Re: [TIED] Hebrew and Arabic

From: Dennis Poulter
Message: 2432
Date: 2000-05-17

I too find it highly unlikely that Hebrew and Arabic split about 600BCE. As Mark says, Hebrew was virtually a dead language by this date, and Arabic had yet to be born.
What I mean by that, is that prior to the Quran, one cannot speak of an Arabic language, just a collection of Arabian dialects spoken by the various tribes.

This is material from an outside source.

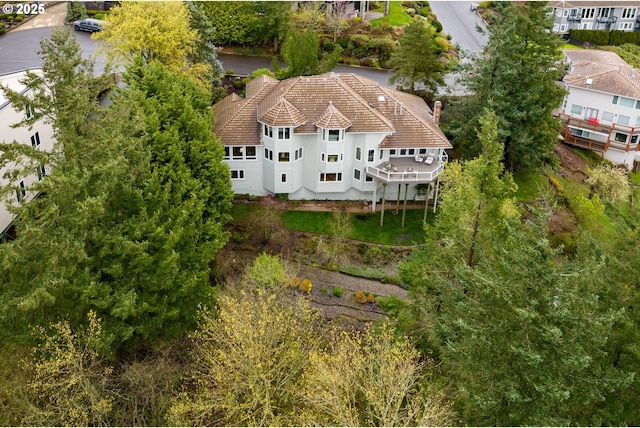 drone / aerial view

Arabic is said to be very conservative, so the resemblances probably go way back to common proto-Semitic. In addition, Jews were very active in western Arabia before Islam. In fact, three of the five tribes settled in Medina at the time of the Prophet's migration were Jewish. Muhammad went there to mediate in a feud between the two non-Jewish tribes. Much of the Quran must come from Jewish sources. And of course, Abraham's child by Hagar, Ismail is the legendary father of the Arabs. There were also various ephemeral client states that arose on the borders of the Fertile Crescent and the great Syrian desert, and many trading links. So all in all, there are many possible reasons for the resemblances in the languages and parallels in names.

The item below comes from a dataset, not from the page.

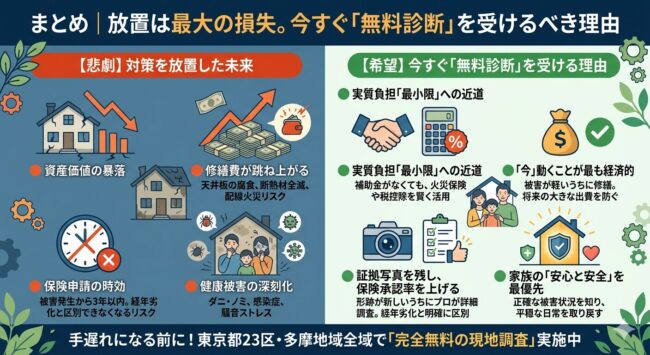 放置は最大の損失。今すぐ無料診断を受けるべき理由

I always understood Hebrew to be virtually identical to Phoenician. So, whatever one's view of pre-exile Israelite history, it seems pretty certain that Hebrew was one of the languages spoken in the Levant in the first half of the 1st millennium.
 
Cheers
Dennis
----- Original Message -----
From: Marc Verhaegen
To: cybalist@egroups.com
Sent: Sunday, 14 May, 2000 4:40 AM
Subject: Re: [TIED] Hebrew and Arabic

Nothing of the Old Testament has to be dismissed, only re-interpreted. You have to read Salibi I think. Rather convincing IMO.    --Marc
There is a theory, not unlikely IMO, based on remarkable resemblances between biblical names & W.Arabian geographical names, that the Jews originally lived in western Arabia, were deported to Assyria & Babylonia (8th-6th cent.BC), not from Israel but from W.Arabia, and later "came back", not to W.Arabia but to Israel. If that is true, Hebrew & Arabic split ca.2600 years ago. Kamal Salibi 1985 "Het ware land van Abraham" Elsevier Netherlands (I don't know the origin German title, Rowohlt Verlag, 1985).

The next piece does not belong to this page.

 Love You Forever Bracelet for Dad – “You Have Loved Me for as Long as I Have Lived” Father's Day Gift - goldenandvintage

No, no, no. Highly unlikely, absurd. You have to dismiss much of the Old Testament as a forgery on grounds that would require you toss Homer and Hesiod onto the bonfire too.
 
Mark.
 
Hebrew, as a living language, was essentially extinct by the end of the Exile, and had been supplanted by Aramaic (the chancery language of the Persians). Before the Exile, it was probably little more than the official court dialect. Aramaic displaced just about everything until the advent of Greek, and finally, Arabic.